Ho provato un sentimento di tenerezza per quella bambina e per quella donna.  Mi è scattato un sentimento direi quasi di identificazione. E mi ha portato a riflettere sulla mia condizione di figlio in perenne combattimento con me stesso e con una madre onnipresente, onnisciente e trionfante su tutto e su tutti. Mi ha fatto riflettere su quella delicata dinamica genitori-figli che costituisce l’origine di molti stati di sofferenza di noi umani, e non solo come figlio, ma anche come padre. Mi sono trovato a domandarmi se, come padre di una figlia oggi adolescente, non sia mai stato causa per lei di frustrazione o del formarsi di vere e proprie inibizioni.
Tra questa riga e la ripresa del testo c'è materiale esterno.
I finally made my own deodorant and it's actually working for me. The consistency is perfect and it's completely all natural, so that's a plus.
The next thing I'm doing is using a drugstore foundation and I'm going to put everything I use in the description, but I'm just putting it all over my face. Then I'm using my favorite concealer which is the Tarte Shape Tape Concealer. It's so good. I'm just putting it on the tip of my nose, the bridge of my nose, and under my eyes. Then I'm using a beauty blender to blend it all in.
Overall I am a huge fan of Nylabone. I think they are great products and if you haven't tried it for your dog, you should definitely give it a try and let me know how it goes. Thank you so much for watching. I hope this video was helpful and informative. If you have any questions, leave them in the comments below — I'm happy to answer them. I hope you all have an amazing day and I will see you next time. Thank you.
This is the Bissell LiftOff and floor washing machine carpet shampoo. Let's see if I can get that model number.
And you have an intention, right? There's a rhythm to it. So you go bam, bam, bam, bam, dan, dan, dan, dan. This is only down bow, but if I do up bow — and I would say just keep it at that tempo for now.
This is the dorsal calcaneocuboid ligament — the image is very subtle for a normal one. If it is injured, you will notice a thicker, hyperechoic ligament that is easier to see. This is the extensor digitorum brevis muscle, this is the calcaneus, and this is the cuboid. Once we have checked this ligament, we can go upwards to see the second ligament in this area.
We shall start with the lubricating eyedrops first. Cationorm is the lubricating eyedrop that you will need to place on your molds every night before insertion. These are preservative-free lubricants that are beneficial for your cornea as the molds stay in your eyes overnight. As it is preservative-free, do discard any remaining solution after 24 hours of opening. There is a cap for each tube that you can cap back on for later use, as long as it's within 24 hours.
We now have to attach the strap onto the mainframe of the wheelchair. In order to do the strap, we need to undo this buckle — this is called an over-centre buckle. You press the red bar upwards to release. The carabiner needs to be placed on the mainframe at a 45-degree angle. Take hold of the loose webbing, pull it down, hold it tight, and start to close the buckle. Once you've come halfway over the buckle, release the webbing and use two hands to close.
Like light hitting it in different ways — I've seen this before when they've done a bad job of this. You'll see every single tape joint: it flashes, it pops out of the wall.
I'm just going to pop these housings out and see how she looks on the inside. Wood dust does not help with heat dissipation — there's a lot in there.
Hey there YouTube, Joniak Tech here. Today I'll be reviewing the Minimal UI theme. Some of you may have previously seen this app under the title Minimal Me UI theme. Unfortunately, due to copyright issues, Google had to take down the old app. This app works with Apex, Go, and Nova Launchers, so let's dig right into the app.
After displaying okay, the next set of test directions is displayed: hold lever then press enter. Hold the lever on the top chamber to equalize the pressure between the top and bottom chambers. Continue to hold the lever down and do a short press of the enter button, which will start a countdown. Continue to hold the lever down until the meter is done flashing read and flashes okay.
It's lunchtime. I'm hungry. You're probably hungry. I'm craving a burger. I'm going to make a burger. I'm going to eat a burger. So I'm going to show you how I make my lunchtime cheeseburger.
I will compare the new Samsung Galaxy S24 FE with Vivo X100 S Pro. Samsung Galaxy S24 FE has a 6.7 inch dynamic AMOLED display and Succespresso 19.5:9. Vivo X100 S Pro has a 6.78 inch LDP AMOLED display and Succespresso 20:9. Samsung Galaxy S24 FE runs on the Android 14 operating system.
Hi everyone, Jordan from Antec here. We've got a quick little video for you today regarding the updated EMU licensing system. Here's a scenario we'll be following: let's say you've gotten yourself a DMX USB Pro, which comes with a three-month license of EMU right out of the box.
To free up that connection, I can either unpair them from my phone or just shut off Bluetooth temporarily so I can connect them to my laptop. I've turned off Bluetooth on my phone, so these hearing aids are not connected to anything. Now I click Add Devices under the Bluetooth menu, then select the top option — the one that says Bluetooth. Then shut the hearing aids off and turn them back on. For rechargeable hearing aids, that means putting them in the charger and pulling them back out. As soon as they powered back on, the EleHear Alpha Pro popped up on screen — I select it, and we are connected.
"Cammina Leggera", ex aequo premio Amadei.  La motivazione


Un buon genitore sostiene la figlia o il figlio, favorisce la crescita del suo io, cerca di non frustrarne le speranze, le aspettative, l’idea di sé che si viene formando nel tempo. È facile a dirsi. Ma assolutamente difficile a farsi. Direi, più precisamente, assai raro. Particolarmente se andiamo indietro di una o due generazioni. Al tempo in cui nelle famiglie trionfava quella che io chiamo una sorta di pedagogia della prevaricazione inconsapevole di sé, fatta di prescrizioni immotivate ed indiscutibili. 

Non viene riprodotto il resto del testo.